● TO DO
Line by line, copy the records below exactly and leave the pictures out.

● RECORDS PROVIDED
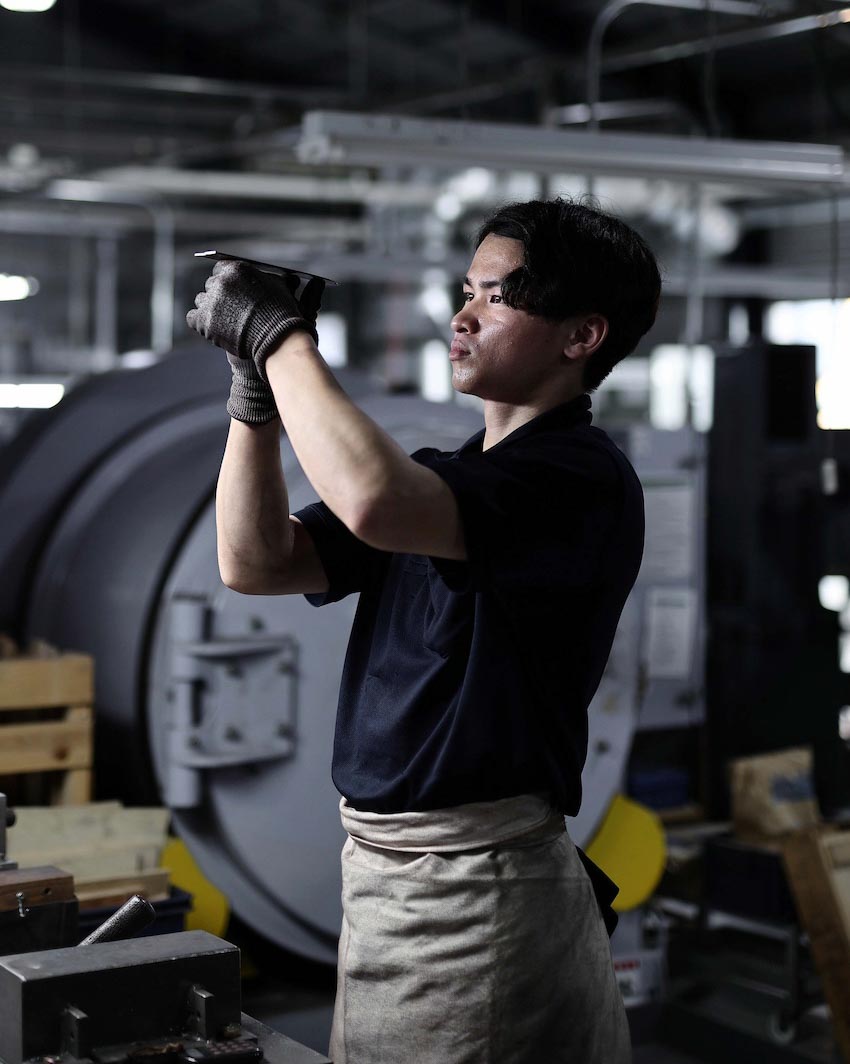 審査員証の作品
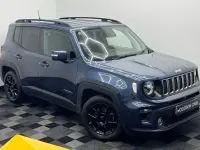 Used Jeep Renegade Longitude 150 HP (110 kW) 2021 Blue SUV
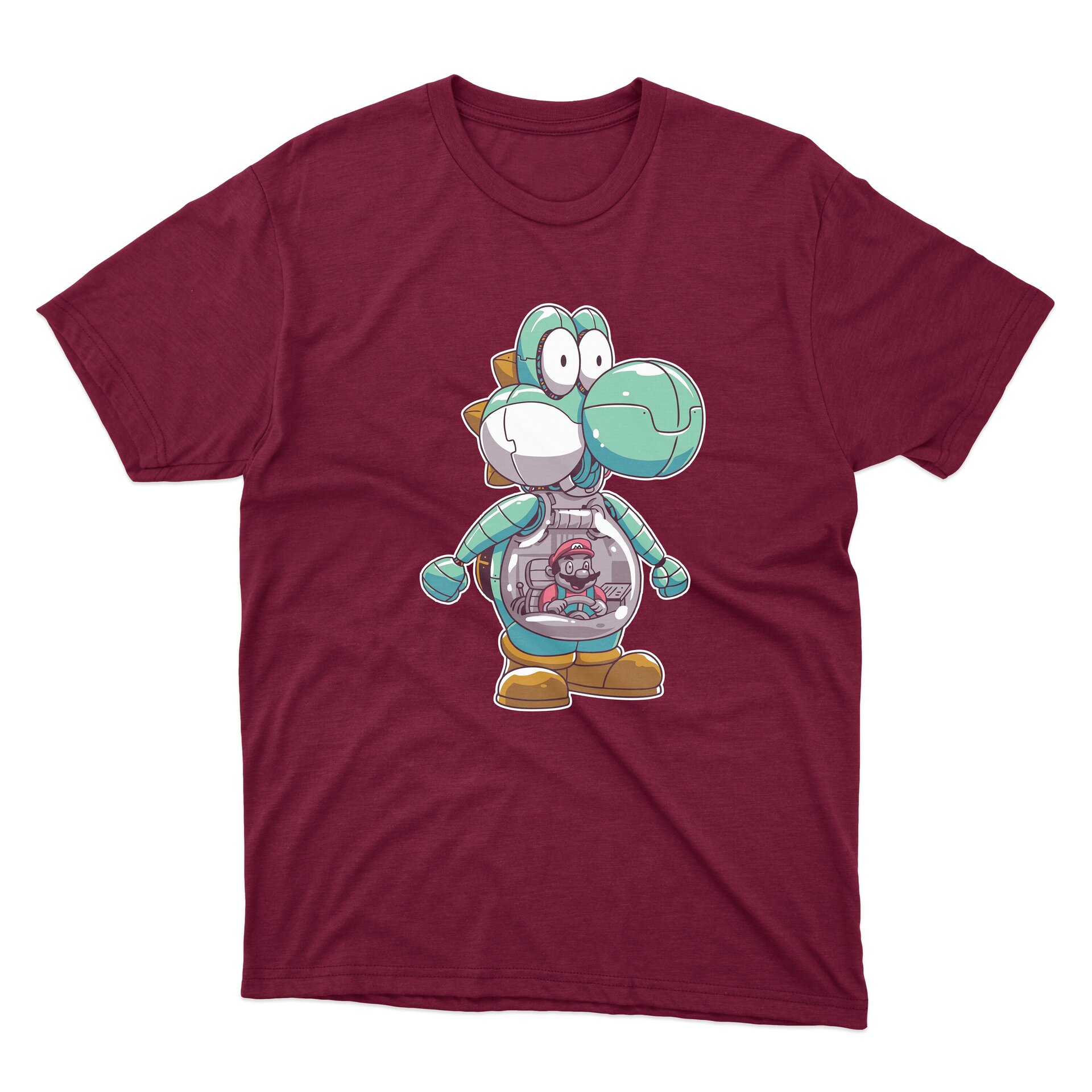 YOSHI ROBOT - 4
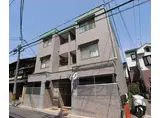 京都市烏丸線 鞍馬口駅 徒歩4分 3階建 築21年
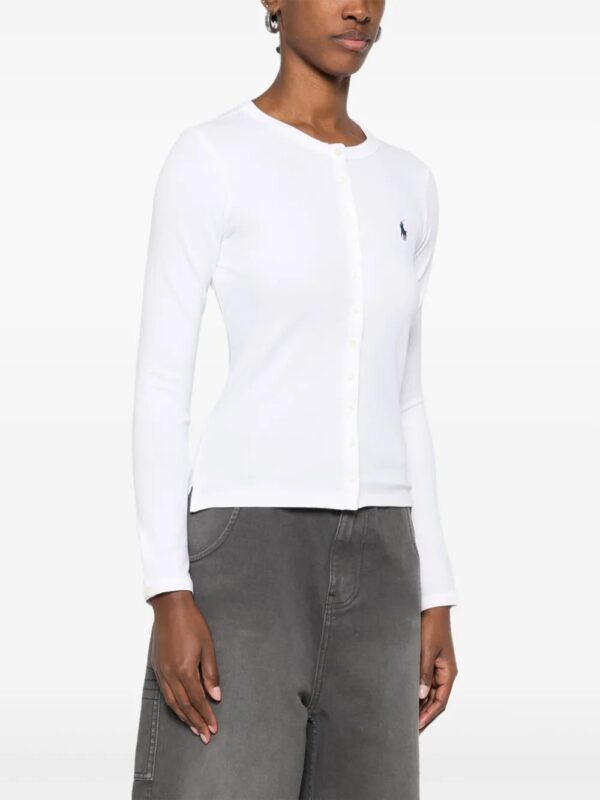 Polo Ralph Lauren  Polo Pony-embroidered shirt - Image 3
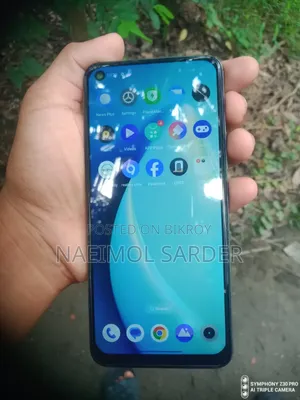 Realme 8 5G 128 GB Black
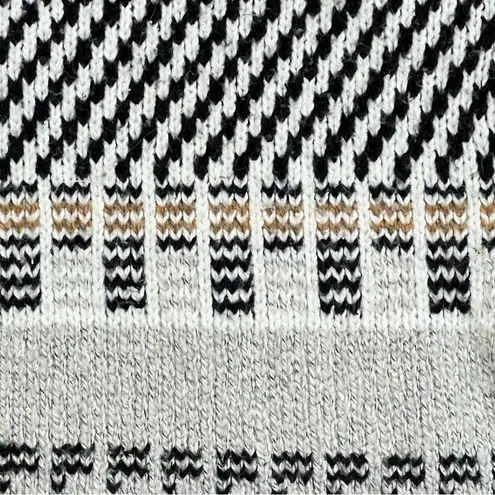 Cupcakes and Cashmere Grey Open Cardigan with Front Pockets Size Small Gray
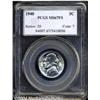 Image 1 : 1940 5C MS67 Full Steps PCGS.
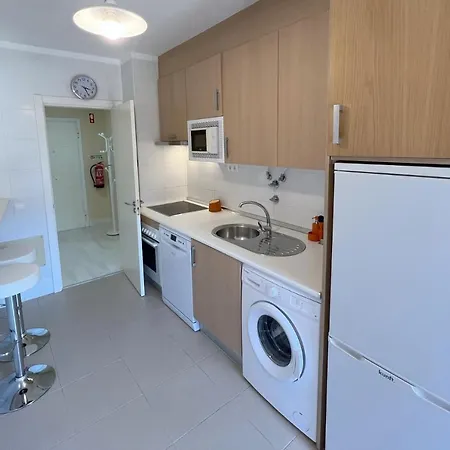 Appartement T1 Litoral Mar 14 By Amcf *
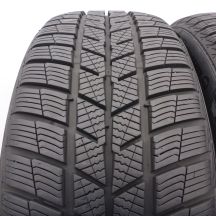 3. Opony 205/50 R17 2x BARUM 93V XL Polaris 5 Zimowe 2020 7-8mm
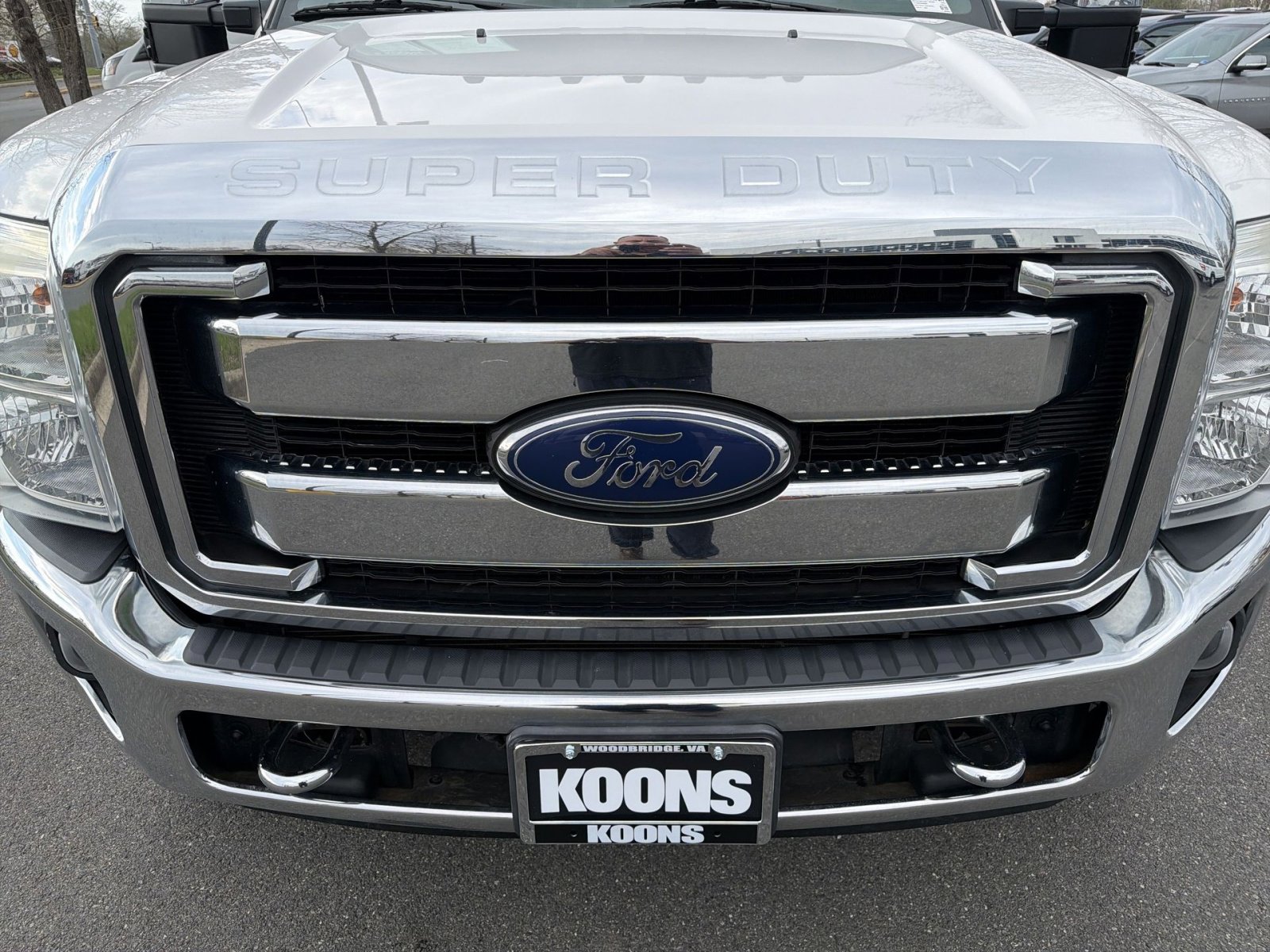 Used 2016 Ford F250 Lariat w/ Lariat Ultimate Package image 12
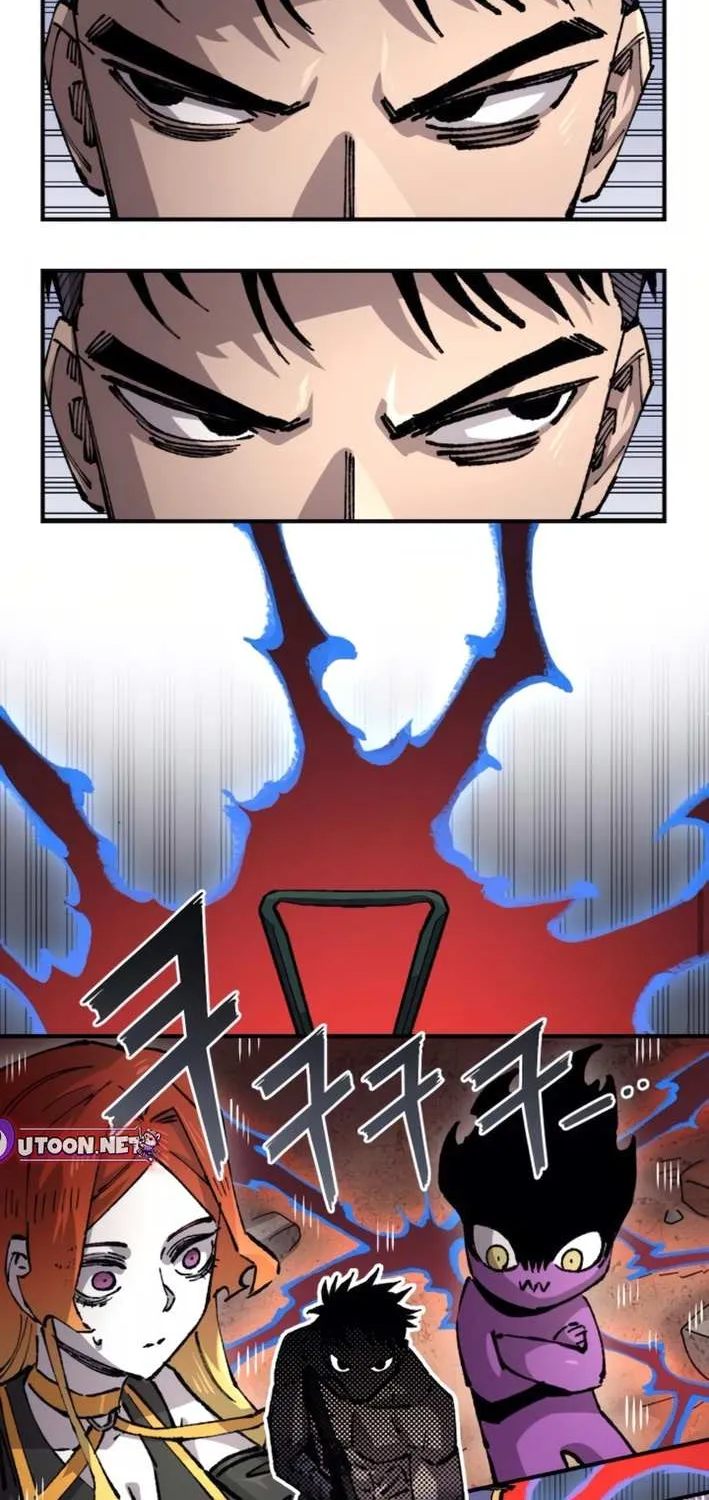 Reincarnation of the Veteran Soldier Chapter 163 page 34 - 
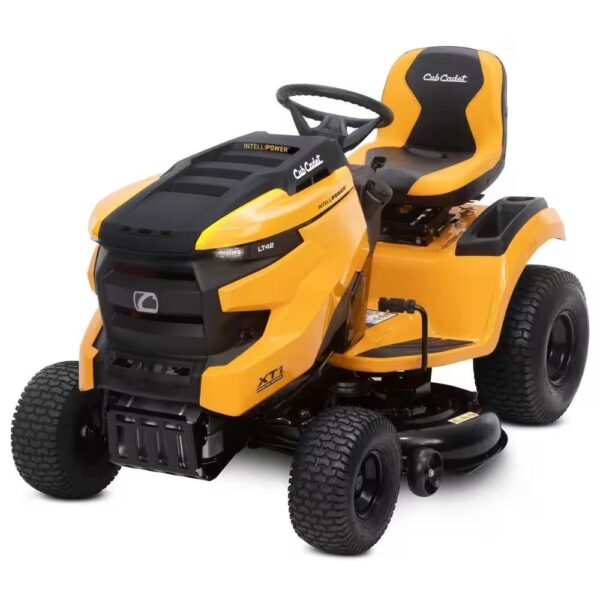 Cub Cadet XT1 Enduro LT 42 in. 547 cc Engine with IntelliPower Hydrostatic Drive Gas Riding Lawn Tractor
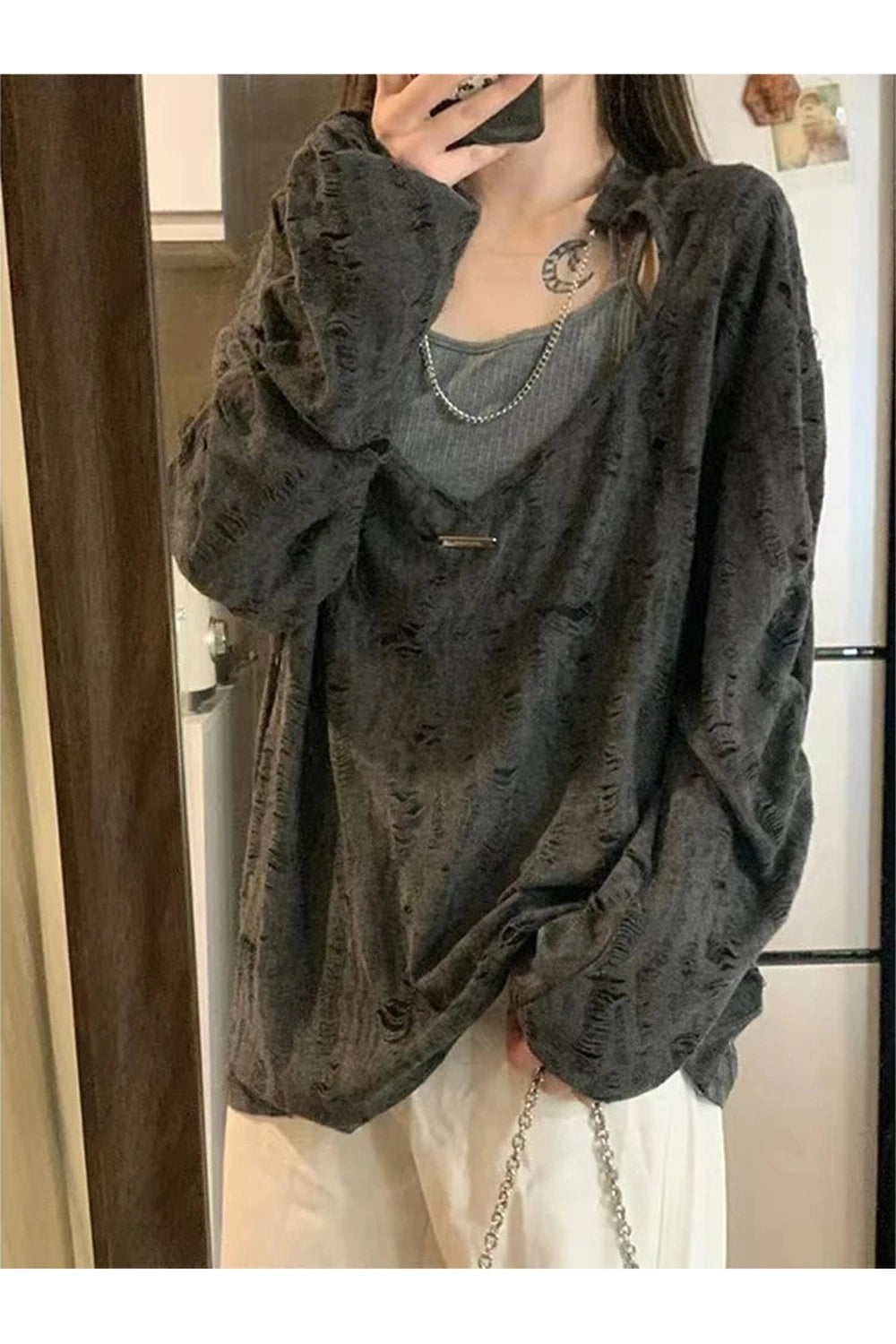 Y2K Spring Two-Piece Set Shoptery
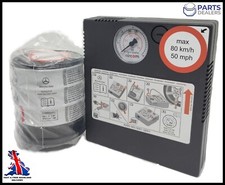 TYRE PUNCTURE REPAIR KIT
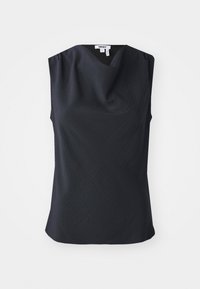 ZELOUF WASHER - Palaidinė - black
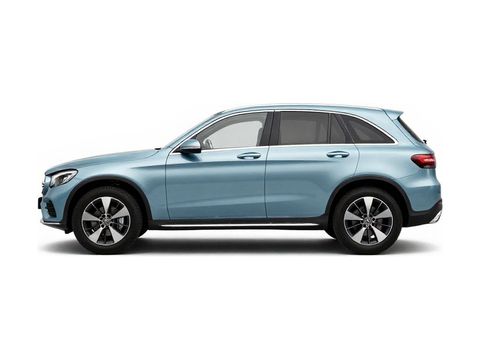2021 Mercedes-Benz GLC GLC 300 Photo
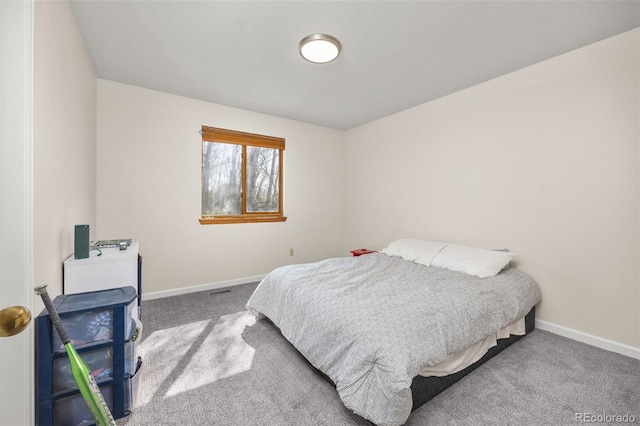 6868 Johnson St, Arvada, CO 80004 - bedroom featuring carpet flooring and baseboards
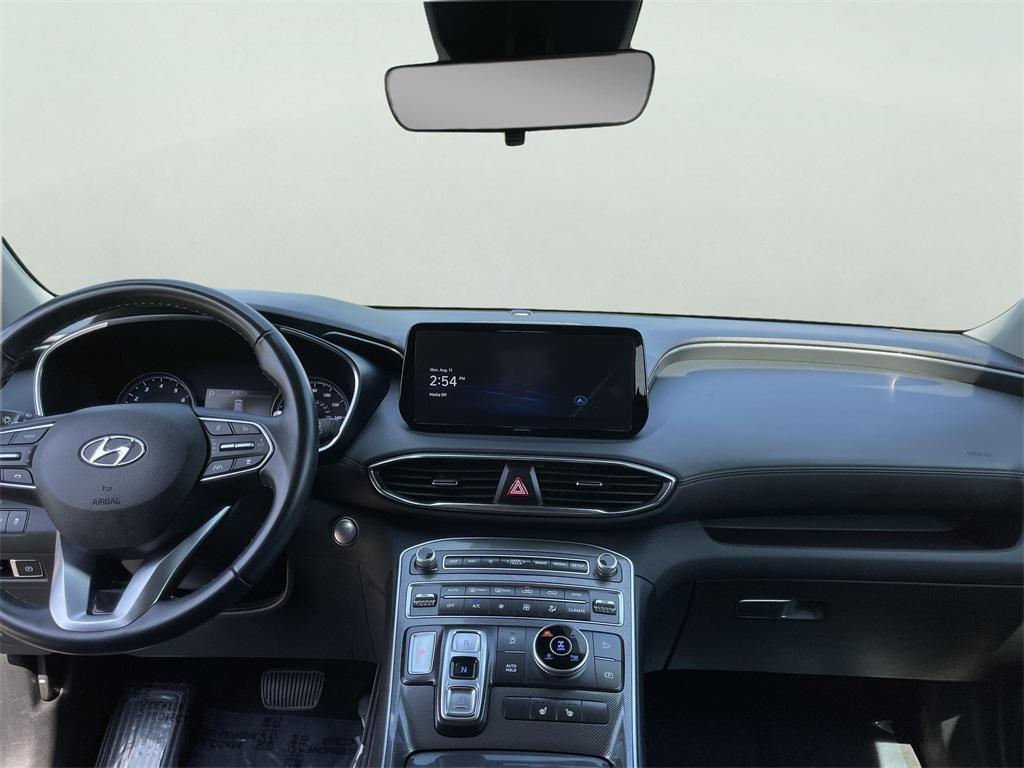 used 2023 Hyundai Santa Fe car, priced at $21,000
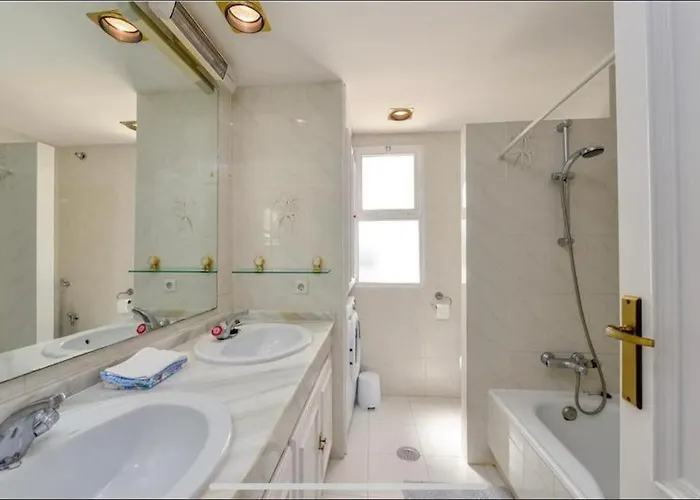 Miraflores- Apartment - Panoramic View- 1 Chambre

● PROBLEM SOLUTION
 審査員証の作品
 Used Jeep Renegade Longitude 150 HP (110 kW) 2021 Blue SUV
 YOSHI ROBOT - 4
 京都市烏丸線 鞍馬口駅 徒歩4分 3階建 築21年
 Polo Ralph Lauren  Polo Pony-embroidered shirt - Image 3
 Realme 8 5G 128 GB Black
 Cupcakes and Cashmere Grey Open Cardigan with Front Pockets Size Small Gray
 Image 1 : 1940 5C MS67 Full Steps PCGS.
 Appartement T1 Litoral Mar 14 By Amcf *
 3. Opony 205/50 R17 2x BARUM 93V XL Polaris 5 Zimowe 2020 7-8mm
 Used 2016 Ford F250 Lariat w/ Lariat Ultimate Package image 12
 Reincarnation of the Veteran Soldier Chapter 163 page 34 - 
 Cub Cadet XT1 Enduro LT 42 in. 547 cc Engine with IntelliPower Hydrostatic Drive Gas Riding Lawn Tractor
 Y2K Spring Two-Piece Set Shoptery
 TYRE PUNCTURE REPAIR KIT
 ZELOUF WASHER - Palaidinė - black
2021 Mercedes-Benz GLC GLC 300 Photo
 6868 Johnson St, Arvada, CO 80004 - bedroom featuring carpet flooring and baseboards
 used 2023 Hyundai Santa Fe car, priced at $21,000
 Miraflores- Apartment - Panoramic View- 1 Chambre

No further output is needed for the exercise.